Through the analysis of the correlation between indoor and outdoor overheating based on the degree of overheating and the degree of coincidence, it has been found that the existing outdoor heatwave indicators have significant limitations in predicting the risks of extreme indoor thermal environments, and it is difficult to effectively capture the peak overheating degree of indoor overheating. By comparing different heatwave definitions, heatwave 6 and heatwave 7 perform the best in taking into account the characteristics of both indoor and outdoor heatwaves. Among them, although heatwave 6 is determined solely based on the daily average air temperature, its higher discrimination threshold makes its detection results superior to other single air temperature indicators. In addition, the setting of the heatwave threshold plays a crucial role in evaluating the risk of indoor overheating. A higher threshold implies a more stringent definition of heatwaves, enabling the capture of more extreme meteorological conditions.

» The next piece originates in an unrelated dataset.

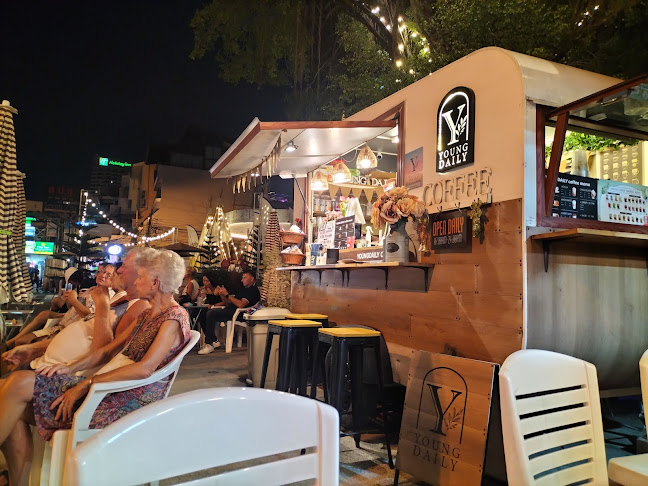 Comentarii opinii despre 21 February Mix’s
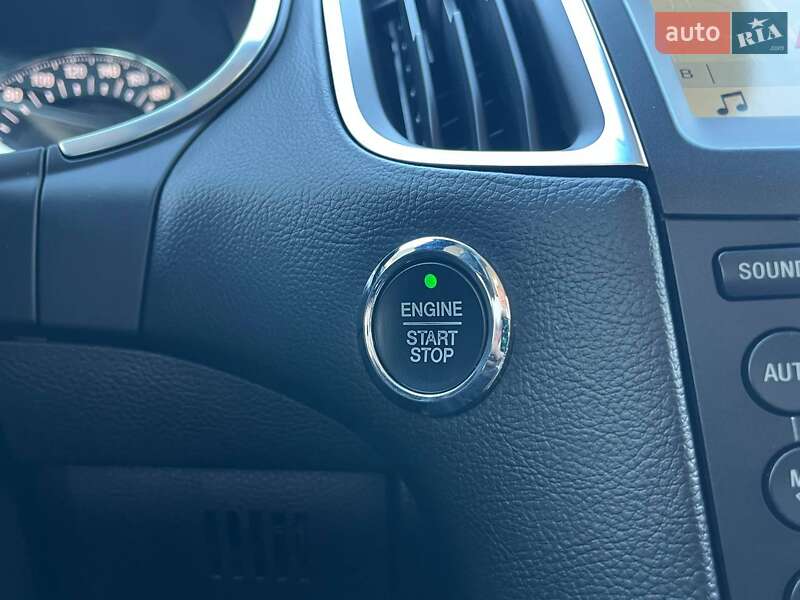 Позашляховик / Кросовер Ford Edge 2016 в Києві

The indoor–outdoor coupled heatwave evaluation method proposed in this study provides an important methodological foundation for assessing the effectiveness of heatwave indicators. When systematically extended through future studies across different building types, climate zones, and occupant behaviors, this method holds significant potential to inform optimal design of building thermal resilience, enable precise early warning of indoor overheating, and facilitate coordinated development of building electrification and climate adaptability in Beijing, effectively helping to enhance the ability of buildings to cope with extreme weather.